• **Records for the task**:
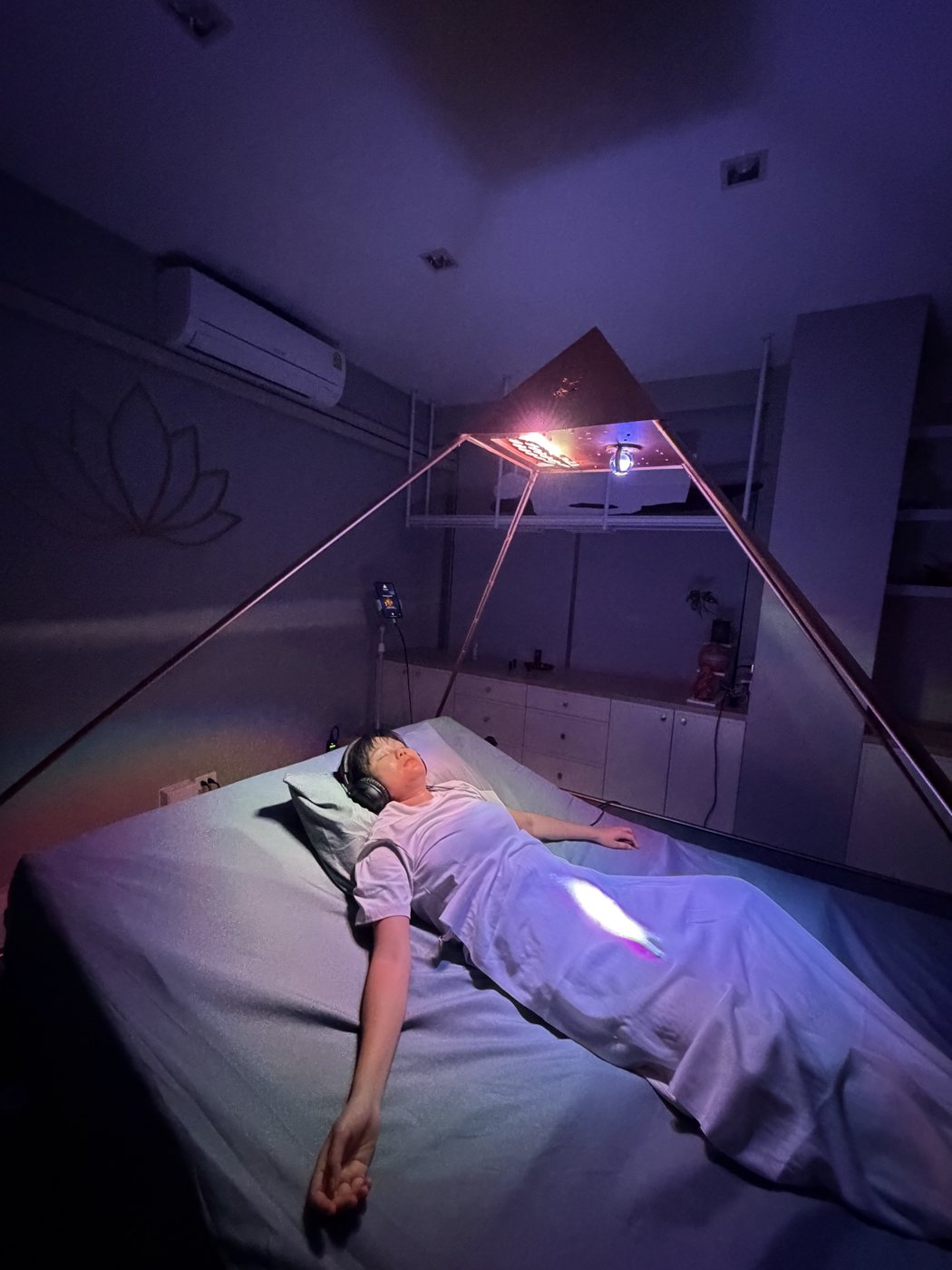 ลูกค้านอนผ่อนคลายใต้ Luminara Pyramid พร้อมแสงรุ้งปริซึม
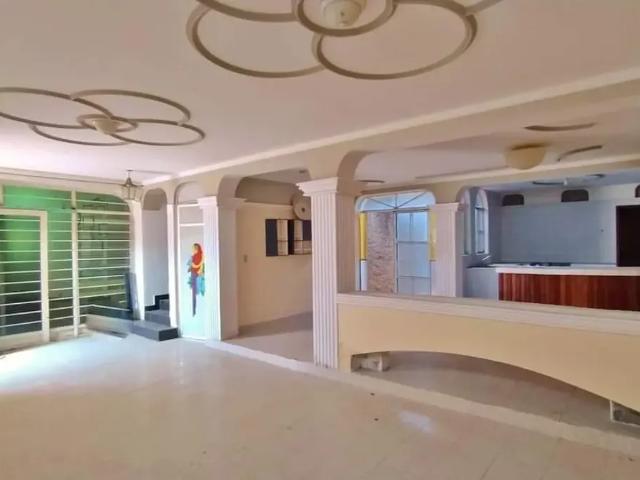 3 recámaras independientes, Casa en renta en Cuautla, ubicación céntrica y amplia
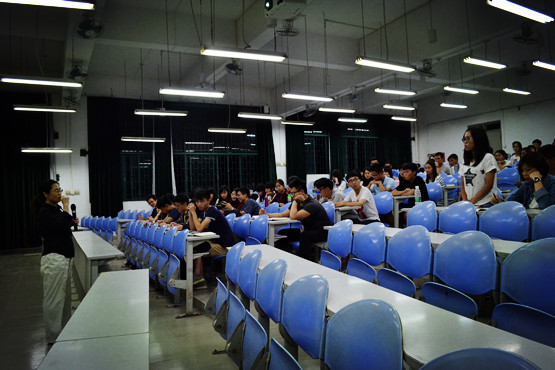 图2.团学干部与孟教授进行交流.jpg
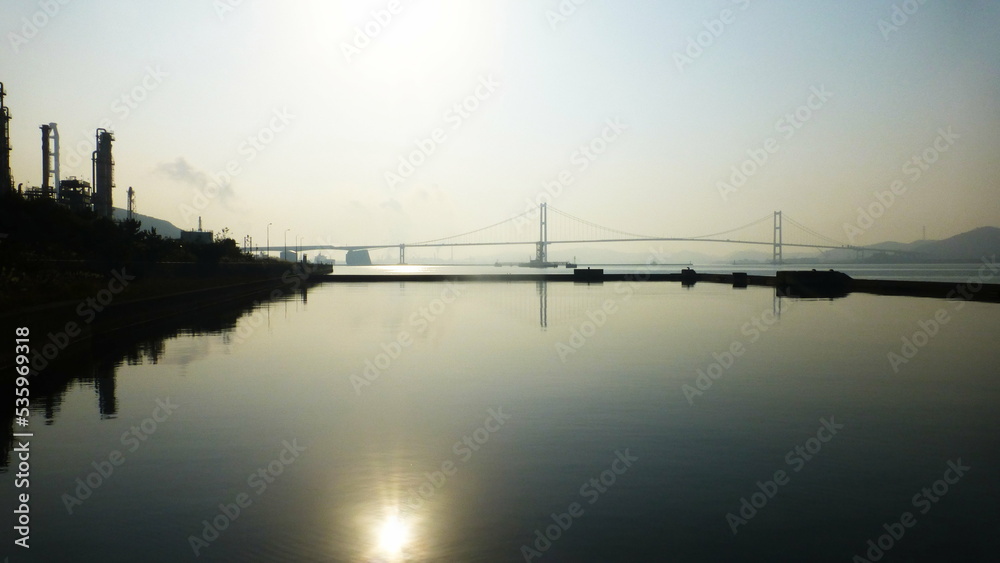 朝の白鳥大橋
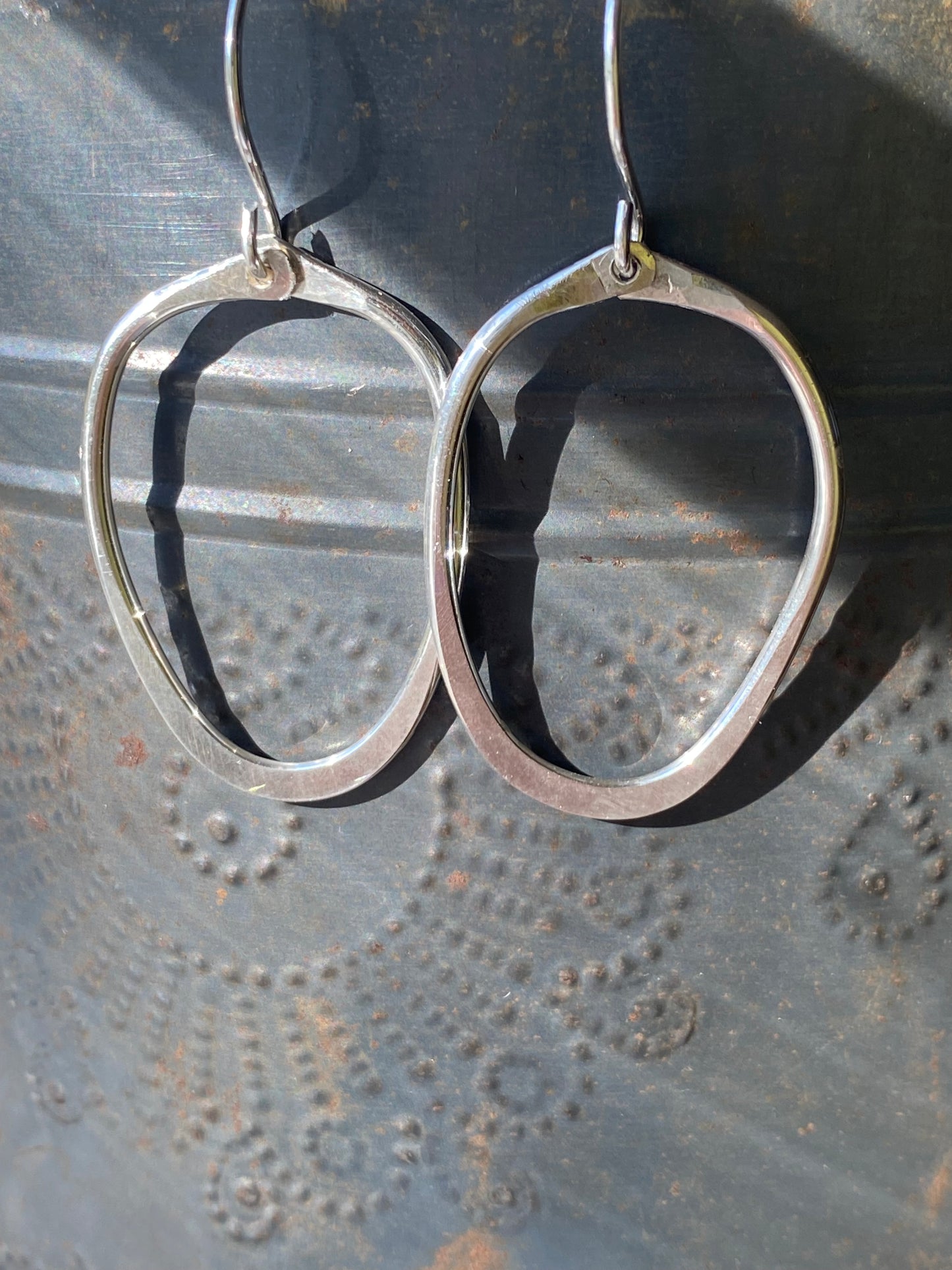 hammered sterling silver oval earrings (medium)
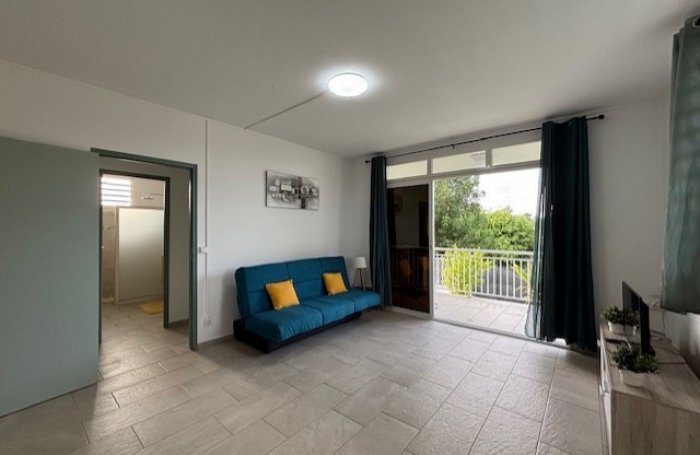 Maison individuelle trois pi&egrave;ces - LONGFORT IMMOBILIER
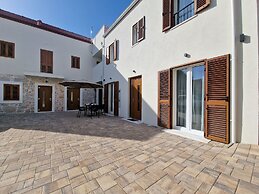 House Miamare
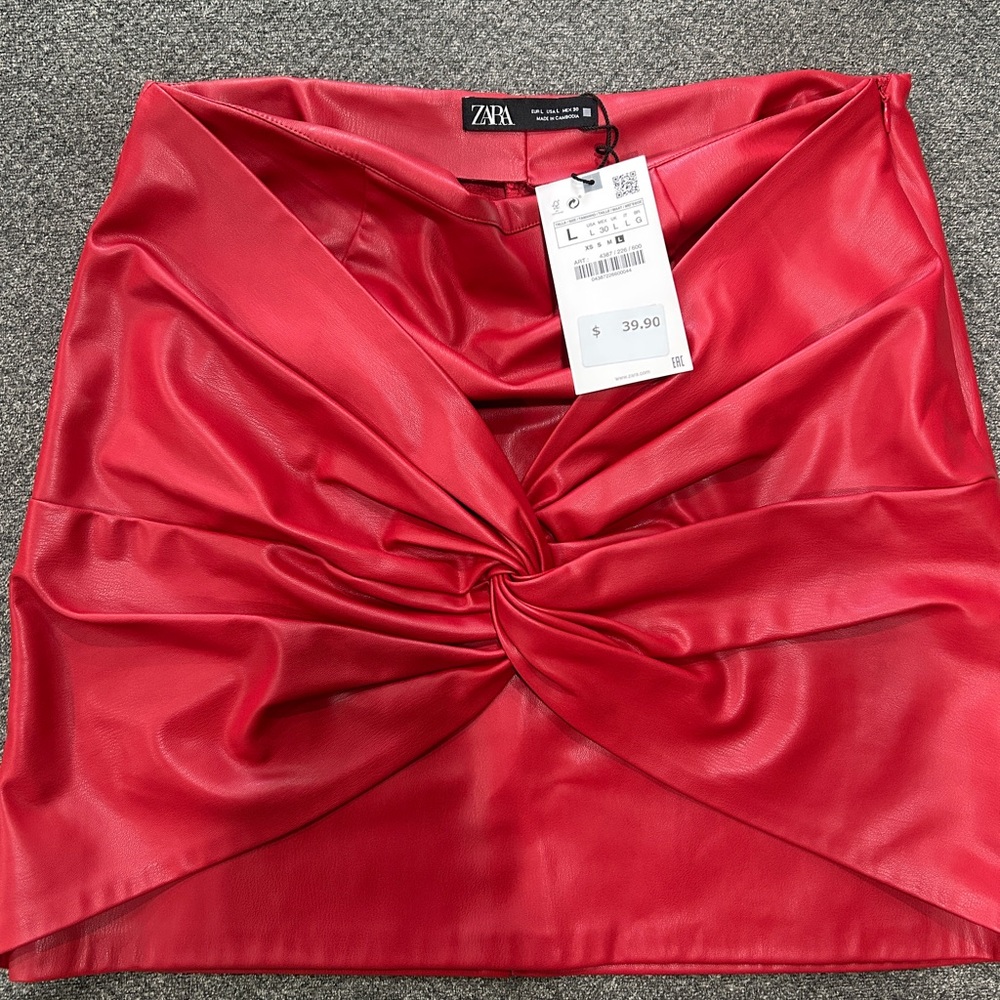 BRAND NEW ZARA LEATHER SKIRT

• **Problem to solve**: Beginning with the line containing "图2.团学干部与孟教授进行交流.jpg" and ending with the last line of the data, output those lines exactly and nothing more. Omit every picture.

• **Answer section**:
 图2.团学干部与孟教授进行交流.jpg
 朝の白鳥大橋
 hammered sterling silver oval earrings (medium)
 Maison individuelle trois pi&egrave;ces - LONGFORT IMMOBILIER
 House Miamare
 BRAND NEW ZARA LEATHER SKIRT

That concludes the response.